After sharing her creations via Facebook, she saw an opportunity when someone offered to buy a cake from her. She followed that up with a co-op experience at a local bakery before heading out on her own.
Ruppert has now been working as a part-time professional baker – she works as a secretary as her day job – for the last three years under the business name Briana the Baker, making use of an inspected kitchen facility in St. Jacobs.
While she may not get to devote as much time as she’d like to her true passion, she has found a way to do more with her baking.
She recently launched an initiative aimed at helping those with mental health issues, offering up cupcakes and cookies festooned with encouraging words to inspire and brighten someone’s day.

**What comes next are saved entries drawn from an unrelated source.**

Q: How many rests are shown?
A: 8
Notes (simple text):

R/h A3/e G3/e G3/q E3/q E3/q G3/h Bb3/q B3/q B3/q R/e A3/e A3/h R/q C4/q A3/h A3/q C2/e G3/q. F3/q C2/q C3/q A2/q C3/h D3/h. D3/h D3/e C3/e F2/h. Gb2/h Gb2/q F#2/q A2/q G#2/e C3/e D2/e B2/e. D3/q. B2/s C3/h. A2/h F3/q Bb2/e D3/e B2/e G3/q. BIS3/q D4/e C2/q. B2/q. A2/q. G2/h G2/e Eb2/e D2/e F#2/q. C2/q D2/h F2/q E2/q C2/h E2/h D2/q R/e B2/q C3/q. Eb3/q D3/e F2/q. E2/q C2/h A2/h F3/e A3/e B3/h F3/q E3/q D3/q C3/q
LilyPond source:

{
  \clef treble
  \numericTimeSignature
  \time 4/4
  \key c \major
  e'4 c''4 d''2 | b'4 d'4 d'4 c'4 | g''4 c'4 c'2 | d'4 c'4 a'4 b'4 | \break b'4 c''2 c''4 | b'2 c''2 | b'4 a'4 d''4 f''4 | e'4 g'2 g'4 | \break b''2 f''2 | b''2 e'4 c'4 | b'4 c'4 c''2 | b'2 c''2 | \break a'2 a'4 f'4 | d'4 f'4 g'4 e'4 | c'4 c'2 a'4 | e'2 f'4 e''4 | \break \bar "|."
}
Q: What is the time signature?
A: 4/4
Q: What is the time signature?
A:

“It was just kind of this year that it really hit me with mental health – seeing so many friends and family really struggle was really hard for me. And then seeing myself struggle with different situations of life right now is hard to process, so I just thought this is my creative aspect. This is something that I’m seeing in the world right now being affected, and I thought ‘why not bring the two together?’ – cupcakes and cookies seem to make people happy, so hopefully, it can brighten somebody’s day, [those] that do receive the cookies and cupcakes,” said Ruppert of her fundraiser.
She says what sets her apart is her “attention to fine detail,” with a specialty on making figurines to sit atop the cakes. It is the fact that she strives to make every cake unique and special that inspired her to come up with an aspect for the fundraiser that will ultimately bring a some joy into people’s lives.
“All my baking is a lot about custom. So, it’s always nice for it to be personal, especially when you’re giving a gift. If somebody can see that, ‘hey, my friend is giving me this cookie and it’s their writing, and it’s their message,’ that’s a lot more special,” Ruppert explained. “And at least if they have something personal that they want to say to the person, they can do so through that. So, it’s just more personal and absolutely heartfelt.”
People who purchase the cupcakes and cookies are able to write messages for those who will be receiving the baked goods. She says each cookie purchased comes with an edible marker to write a message, and cupcakes can have a message put on by Ruppert.
While taking orders for this round of baked goods for mental health is over, Ruppert says she is planning to do so again in the very near future.